Supplied data
—————
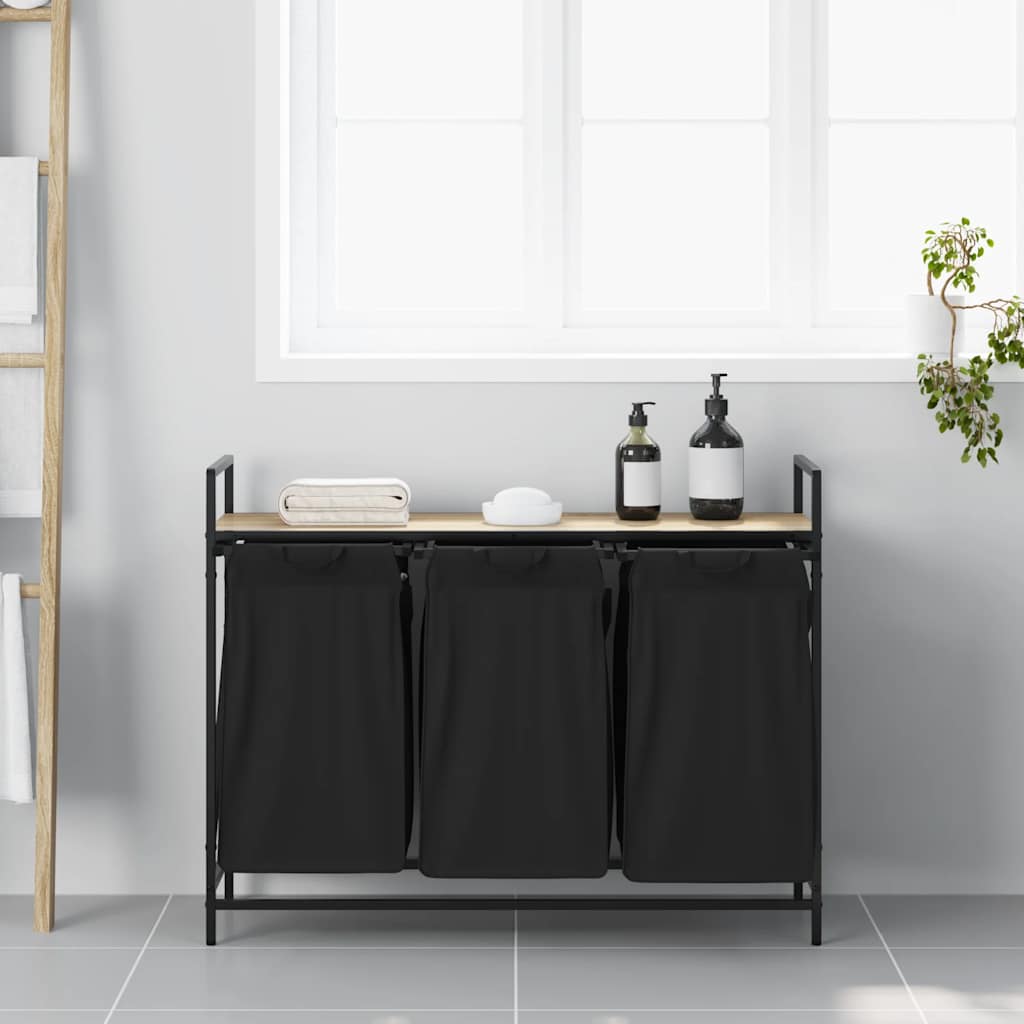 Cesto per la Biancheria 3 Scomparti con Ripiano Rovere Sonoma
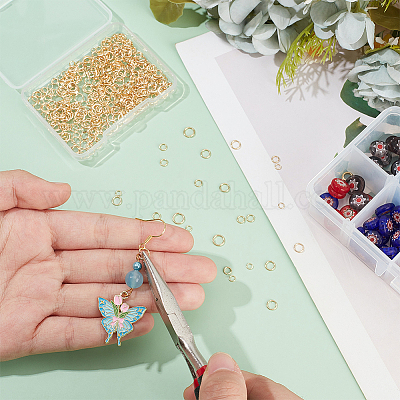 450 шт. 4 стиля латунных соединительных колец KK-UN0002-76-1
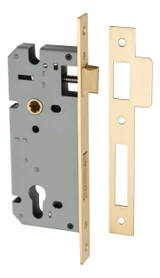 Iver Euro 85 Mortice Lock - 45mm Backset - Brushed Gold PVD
—————
What you will do
Where a picture appears in the data, omit it; restate the rest word for word.

Result for this exercise
 Cesto per la Biancheria 3 Scomparti con Ripiano Rovere Sonoma
 450 шт. 4 стиля латунных соединительных колец KK-UN0002-76-1
 Iver Euro 85 Mortice Lock - 45mm Backset - Brushed Gold PVD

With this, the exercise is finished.